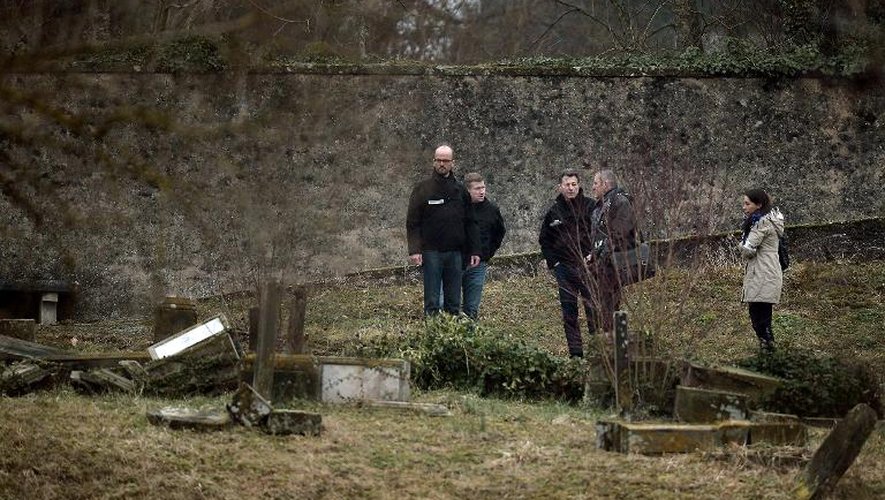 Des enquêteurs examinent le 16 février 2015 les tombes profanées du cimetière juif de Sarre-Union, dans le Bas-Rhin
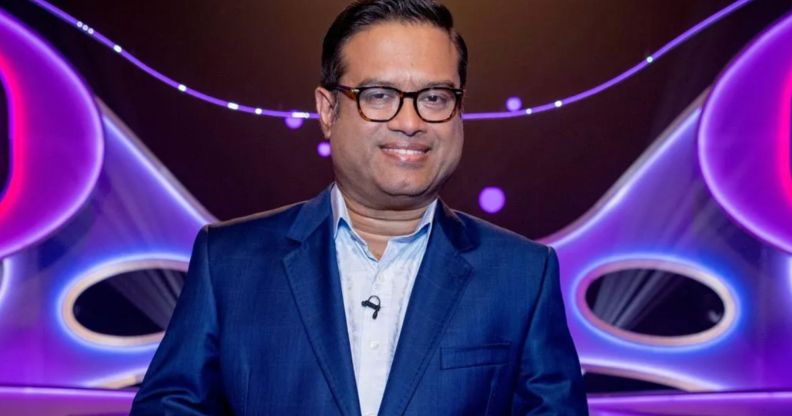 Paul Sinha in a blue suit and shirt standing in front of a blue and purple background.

==

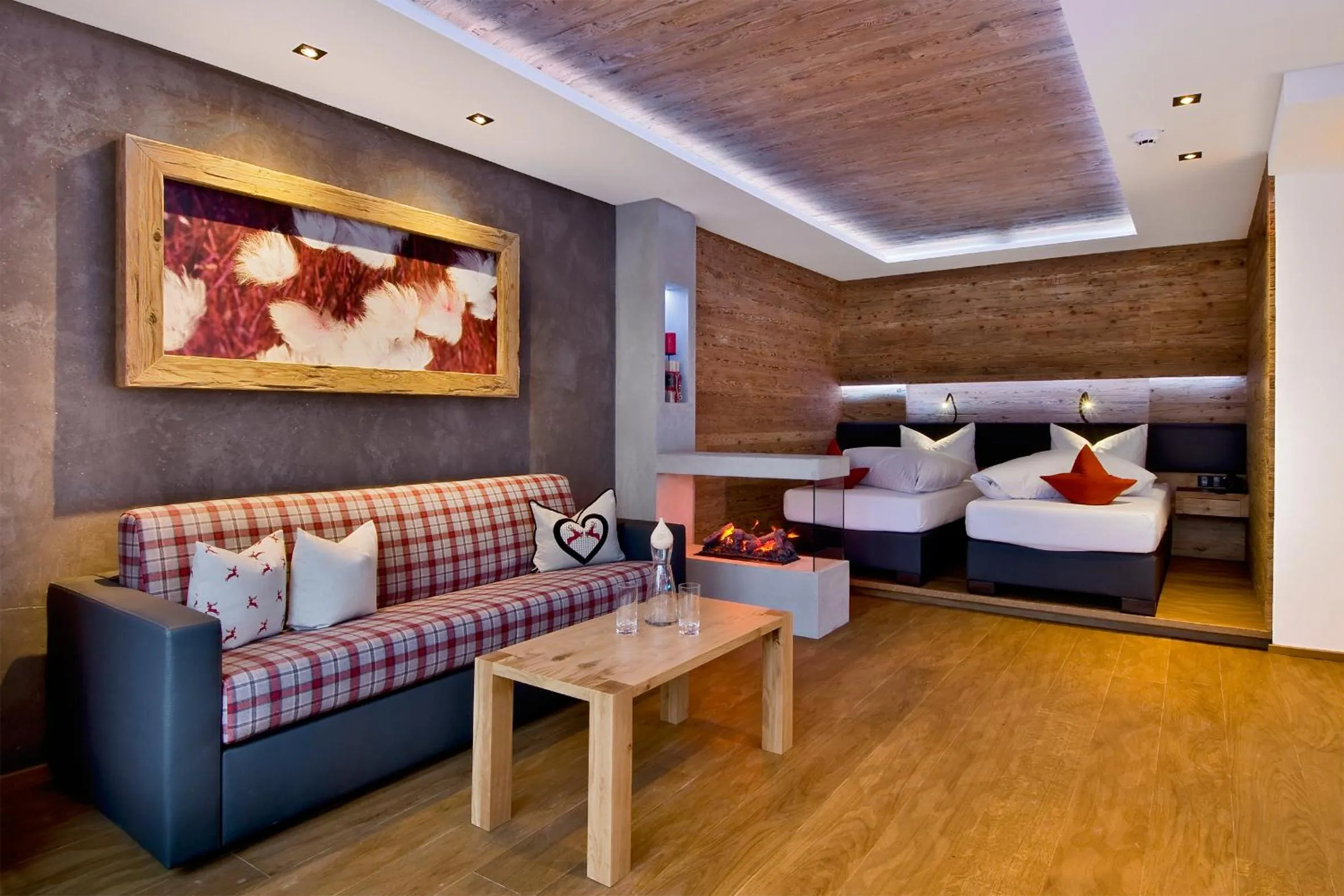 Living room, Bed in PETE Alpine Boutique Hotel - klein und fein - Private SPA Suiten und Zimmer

TASK INSTRUCTIONS: Your answer must be the lines above from the one holding "Des enquêteurs examinent" up to and including the one holding "Paul Sinha in", exact and with no pictures.

TASK OUTPUT:
 Des enquêteurs examinent le 16 février 2015 les tombes profanées du cimetière juif de Sarre-Union, dans le Bas-Rhin
 Paul Sinha in a blue suit and shirt standing in front of a blue and purple background.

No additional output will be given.